EXERCISE PROMPT: Each entry is to be retyped exactly as it appears. Leave the images out.

Image-text web data
+ + + +
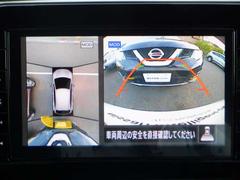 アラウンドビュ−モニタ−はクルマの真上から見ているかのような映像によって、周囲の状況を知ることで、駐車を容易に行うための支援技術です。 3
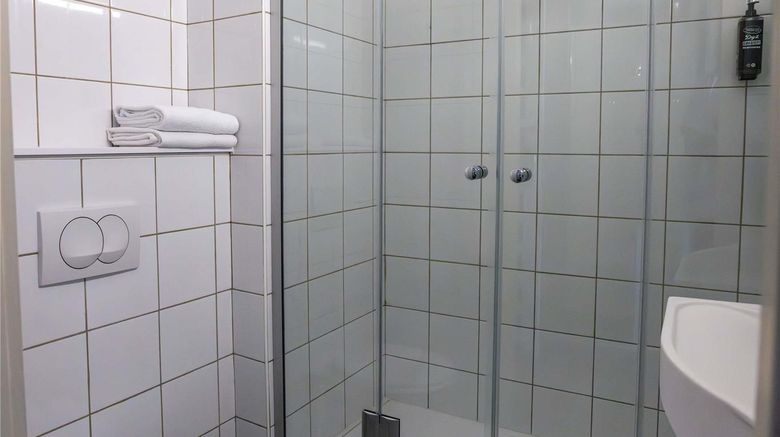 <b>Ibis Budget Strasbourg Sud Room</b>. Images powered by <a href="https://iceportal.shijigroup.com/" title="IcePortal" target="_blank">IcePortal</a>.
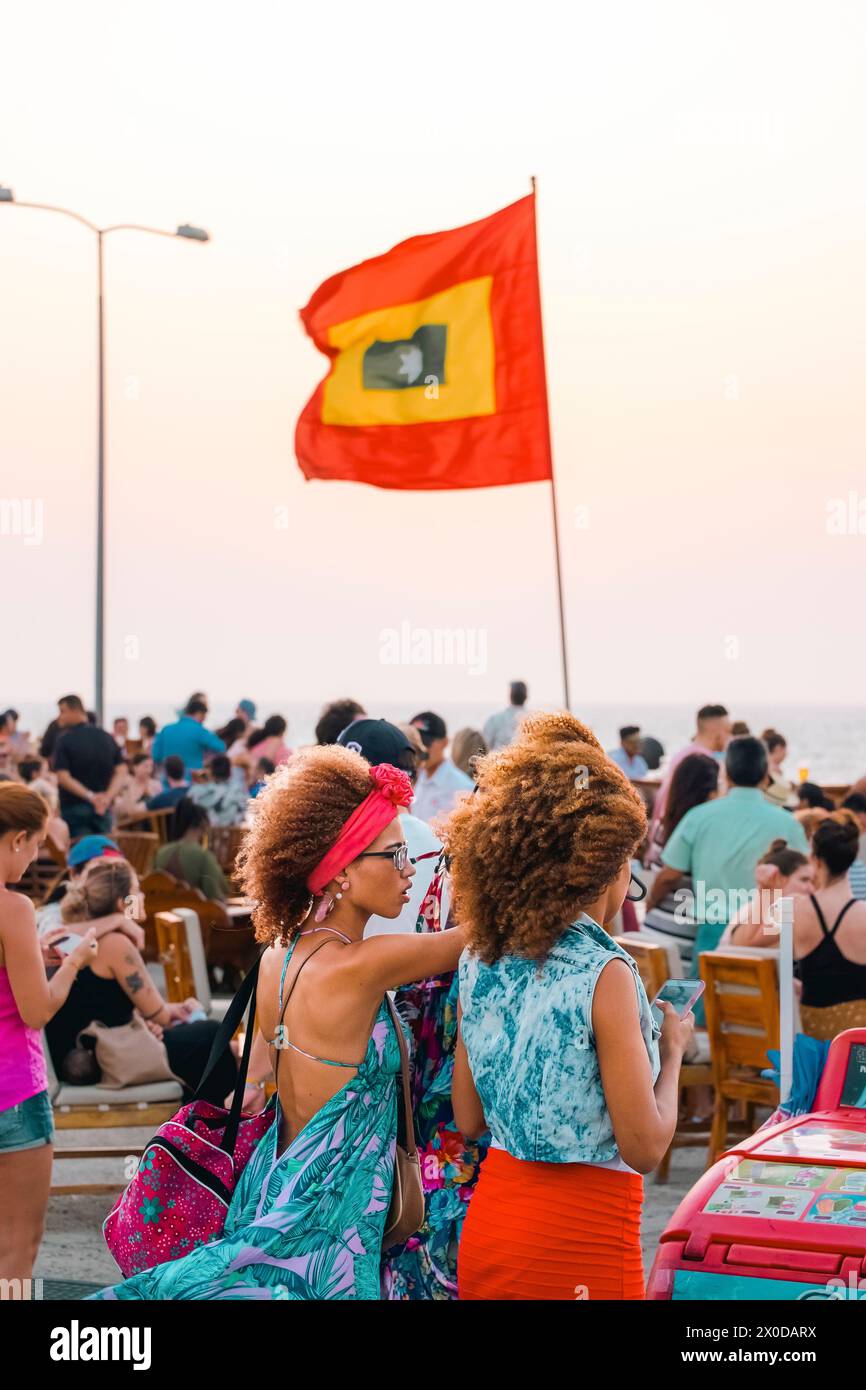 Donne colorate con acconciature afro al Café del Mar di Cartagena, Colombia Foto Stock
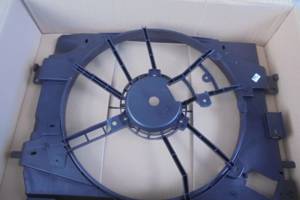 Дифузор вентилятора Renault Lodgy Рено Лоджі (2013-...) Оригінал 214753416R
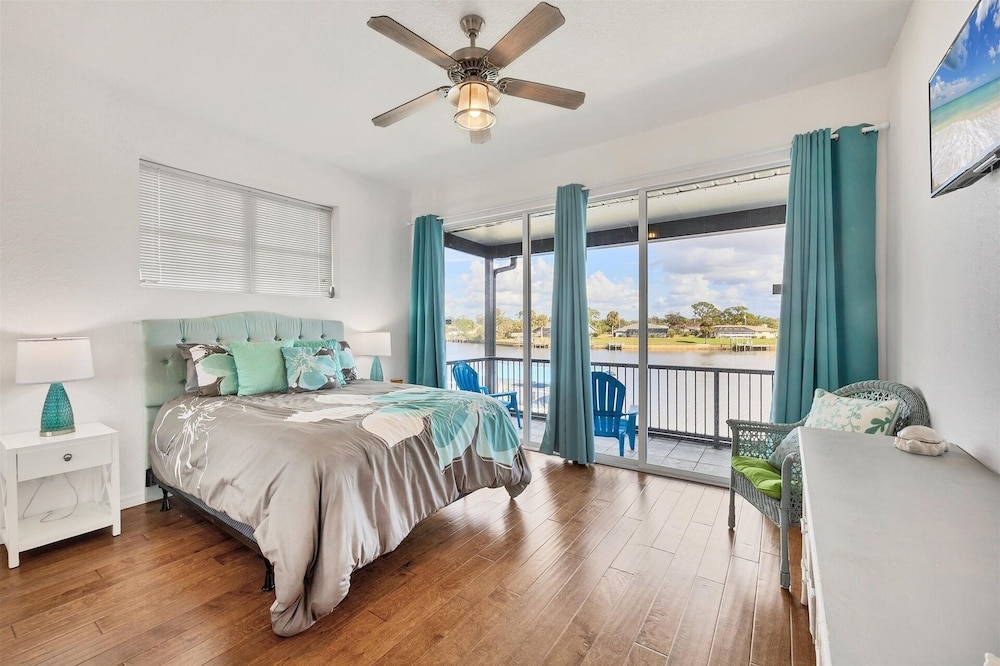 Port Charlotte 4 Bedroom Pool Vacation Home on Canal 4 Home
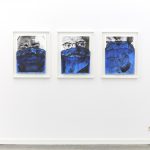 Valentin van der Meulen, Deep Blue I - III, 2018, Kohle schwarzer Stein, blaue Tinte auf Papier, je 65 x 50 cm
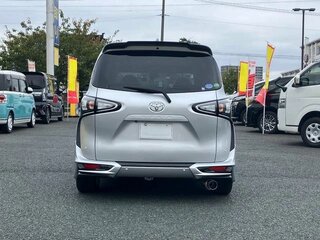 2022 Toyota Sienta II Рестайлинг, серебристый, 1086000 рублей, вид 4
+ + + +
RESPONSE TO THIS TASK:
 アラウンドビュ−モニタ−はクルマの真上から見ているかのような映像によって、周囲の状況を知ることで、駐車を容易に行うための支援技術です。 3
 <b>Ibis Budget Strasbourg Sud Room</b>. Images powered by <a href="https://iceportal.shijigroup.com/" title="IcePortal" target="_blank">IcePortal</a>.
 Donne colorate con acconciature afro al Café del Mar di Cartagena, Colombia Foto Stock
 Дифузор вентилятора Renault Lodgy Рено Лоджі (2013-...) Оригінал 214753416R
 Port Charlotte 4 Bedroom Pool Vacation Home on Canal 4 Home
 Valentin van der Meulen, Deep Blue I - III, 2018, Kohle schwarzer Stein, blaue Tinte auf Papier, je 65 x 50 cm
 2022 Toyota Sienta II Рестайлинг, серебристый, 1086000 рублей, вид 4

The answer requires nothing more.